The value was arbitrary which i thought would be enough
for buffer... This should be taken care with the suggested
approach as said.
Sincerely,
Ryo Takakura
>~Andrew
________________________________________
差出人: Andrew Cooper <andrew.cooper3@xxxxxxxxxx>
送信日時: 2026年6月30日 1:33
宛先: Ryo Takakura; xen-devel@xxxxxxxxxxxxxxxxxxxx
CC: Andrew Cooper; roger.pau@xxxxxxxxxx; ross.lagerwall@xxxxxxxxxx;
sstabellini@xxxxxxxxxx; julien@xxxxxxx; bertrand.marquis@xxxxxxx;
michal.orzel@xxxxxxx; Volodymyr_Babchuk@xxxxxxxx; anthony.perard@xxxxxxxxxx;
jbeulich@xxxxxxxx; Hirokazu Takahashi; Koichiro Den
件名: Re: [RFC] xen/arm64: livepatch: enable attaching callbacks
On 29/06/2026 3:01 am, Ryo Takakura wrote:
> Linux ftrace allows registering callbacks which is useful
> for debugging and tracing events. On Linux, it is done by
> reserving function entry points at compile time which can
> later be patched to branch to a trampoline.
>
> This patch implements similar callback feature, but with
> different approach using existing livepatch infrastructure.

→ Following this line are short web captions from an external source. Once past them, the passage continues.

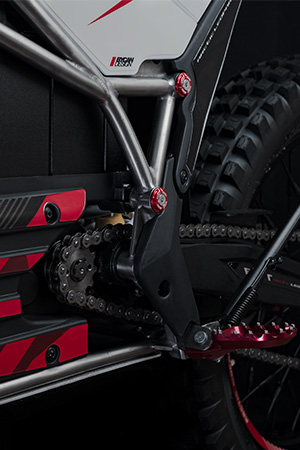 Электромотоцикл Mountain Leopard E-XT 700 Off-Road 72V60Ah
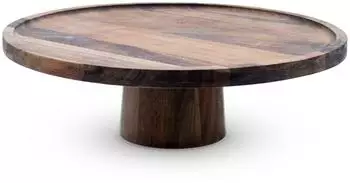Spetebo Tischpodest Akazienholz, rund, braun, 30cm (Spetebo)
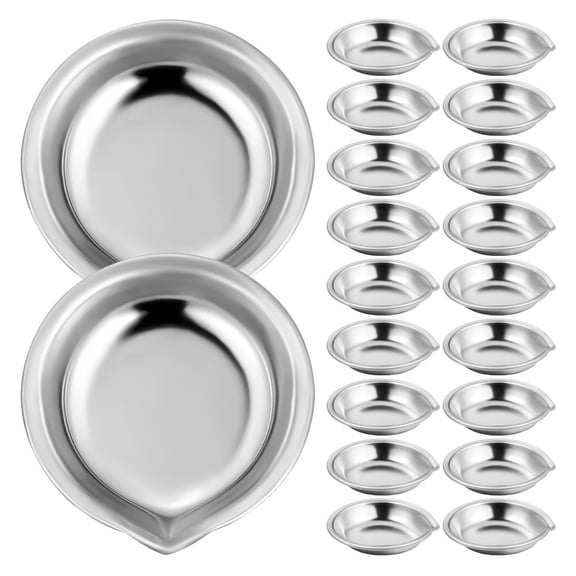 Mobestech 30Pcs Portable Metal Paint Palette Tray Round Compact Design for Watercolor Nail Art Mixing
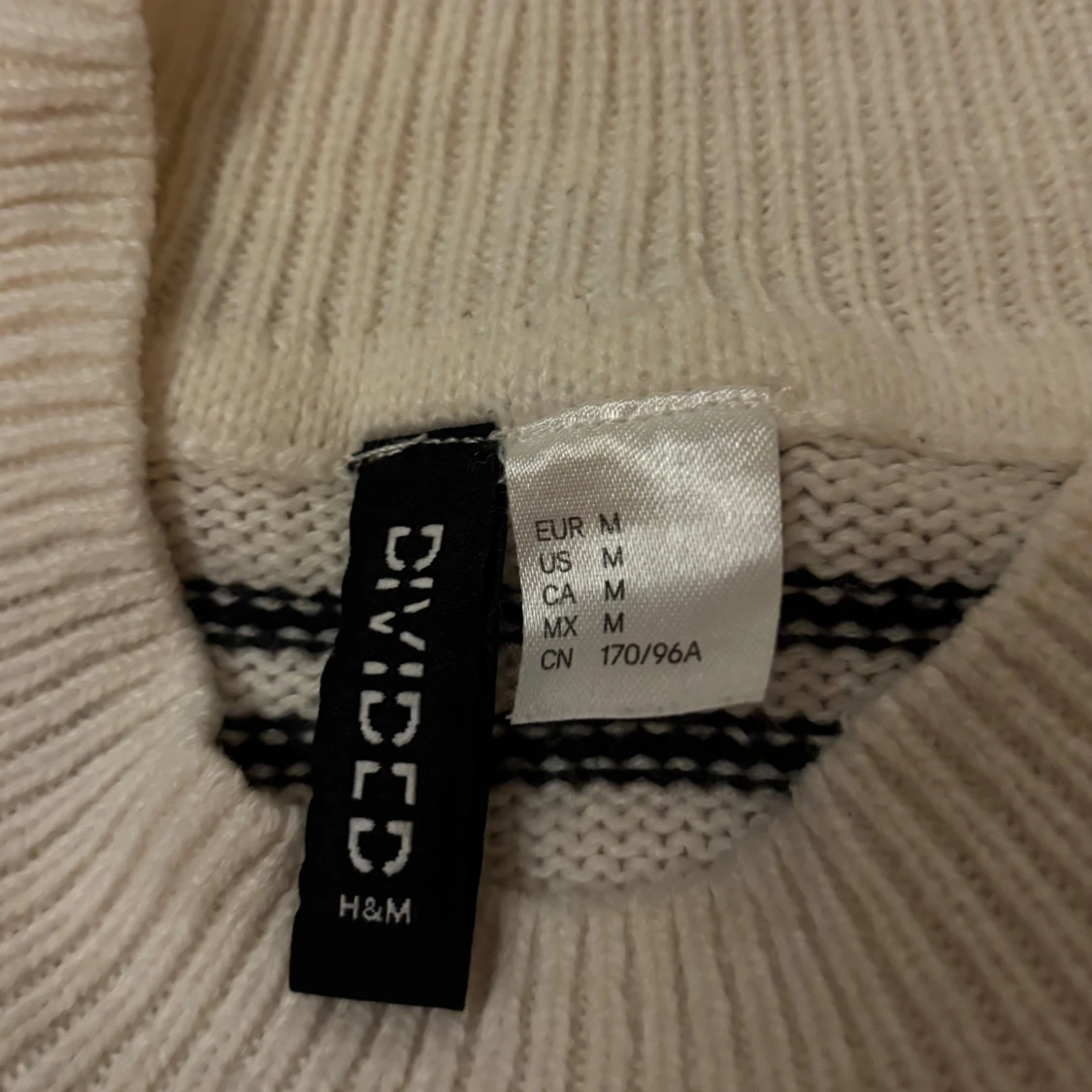 Randig stickad tröja från H&M Divided - 3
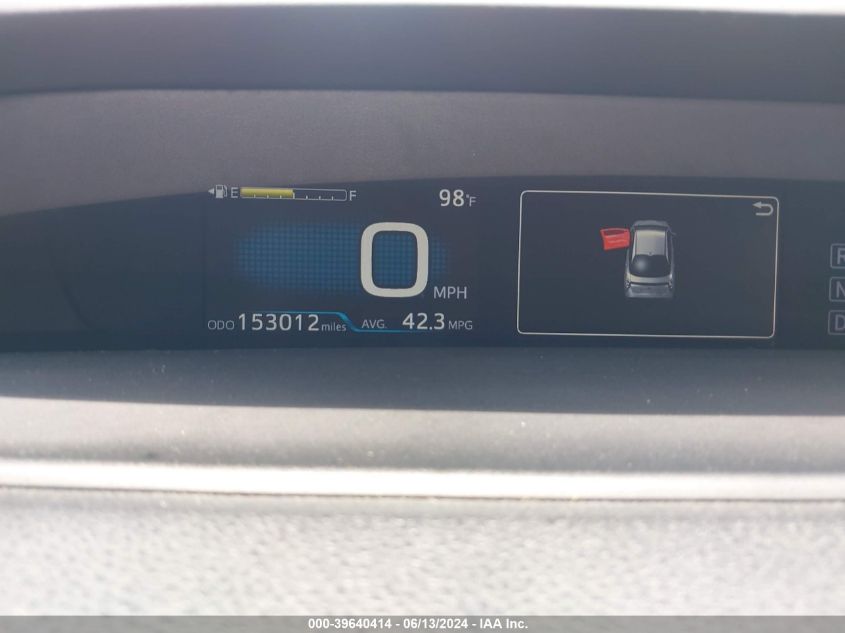 2016 Toyota Prius Two VIN: JTDKBRFU7G3011233 Lot: 39640414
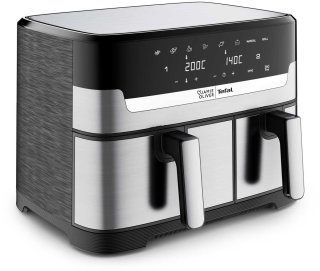 De Tefal Jamie Oliver dubbele airfryer EY90JDE1 in één oogopslag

> Instead of reserving function entry points at compile time,
> the traced function will be livepatched so that it branches
> to the trampoline.
>
> The role of the trampoline(illustrated below) is to preserve
> the context while jumping to the tracer function, and return
> back to the traced function with its context restored.
>
> trampoline:
> Save regs
> Call tracer function
> Restore regs
> old_addr
> return old_addr + 4
>
> One can request the feature by setting @trampoline_buf to 1
> which will allocate a buffer for trampoline.
>
> Signed-off-by: Ryo Takakura <takakura@xxxxxxxxxxxxx>
Having something a bit more like Linux tracing would be nice. But, this
is very different to the other livepatching functionality and a few bits
don't match nicely.
First, you write a lot of the trampoline manually. You can do most of
this in the target function with
__attribute__((no_caller_saved_registers)), avoiding the need to do it
by hand. This would require a minimum GCC of 7 (where our baseline is
5) but it's acceptable for new features to require a newer compiler.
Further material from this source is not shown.